Reasonable diligence is a prerequisite to the applicability of equitable tolling. See, e.g., Klehr, 521 U.S. at 194 ("[A RICO] plaintiff who is not reasonably diligent may not assert fraudulent concealment") (internal quotation marks omitted); Abbas, 480 F.3d at 642 (noting with respect to equitable tolling under New York law that diligence is an "essential element of equitable relief") (citation omitted). Based on the undisputed fact that Koch did not pursue any investigation for over four years after receiving the Woods Hole Report, Koch did not act with reasonable diligence during that period. While Koch makes specific allegations with respect to the 2006 efforts of Christie's and Broadbent to hinder his investigation, the District Court correctly found that those allegations were irrelevant because the statute of limitations had already run by that time. As the District Court explained with respect to those allegations, the "tolling period cannot delay the expiration of a deadline when that deadline has already expired." Koch, 785 F. Supp. 2d at 117 (quoting Nichols v. Prudential Ins. Co. of Am., 406 F.3d 98, 108 (2d Cir. 2005)).

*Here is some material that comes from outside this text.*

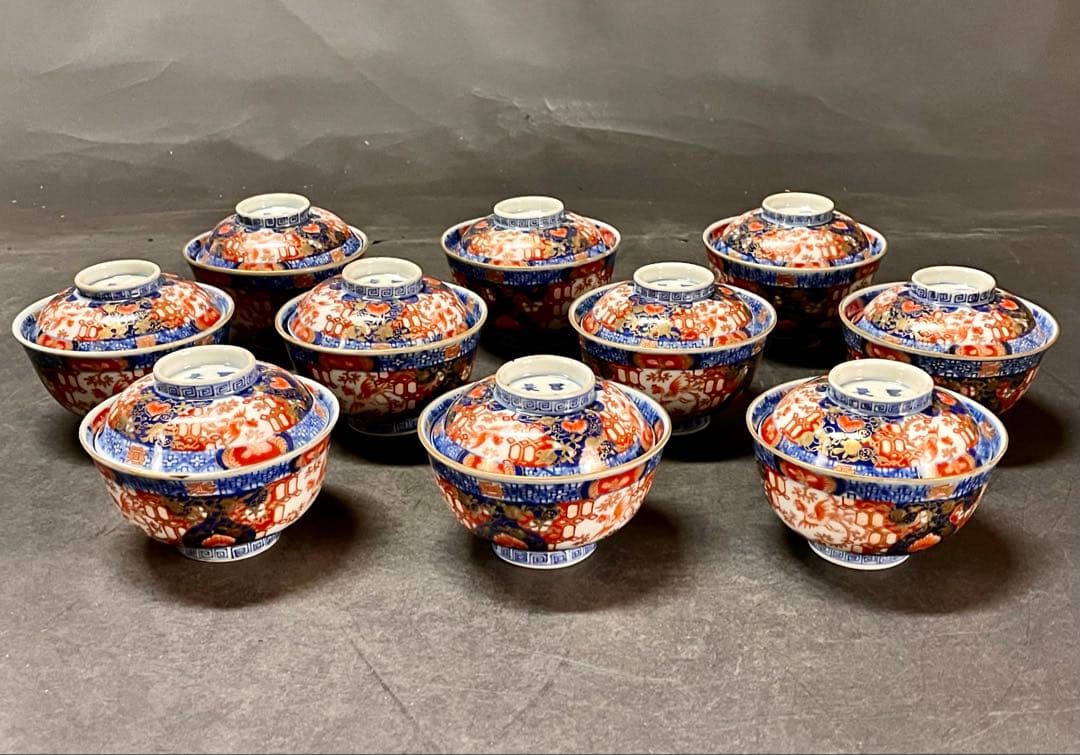 割引❗️「母」 大聖寺 伊万里 金彩錦 蓋茶碗 10客 江戸後期（1204D①）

Koch's allegations with respect to the period before the Woods Hole Report, such as the somewhat generalized allegation that Christie's intentionally failed to disclose the details of the Monticello Report, do not indicate how Christie's prevented Koch from discovering his claim. Koch alleges that he was able to obtain the Monticello Report by simply making a phone call and that within two years he had uncovered the fraud. There is no allegation that any defendant took any action that prevented Koch from making the same phone call immediately after he had seen the Woods Hole Report in October 2000. The ineluctable conclusion is that Koch failed to file his claim within the statute of limitations not due to the defendants' fraudulent concealment, but due to his own failure to exercise reasonable diligence. The District Court's refusal to apply an equitable toll to any of Koch's causes of action was not an abuse of discretion.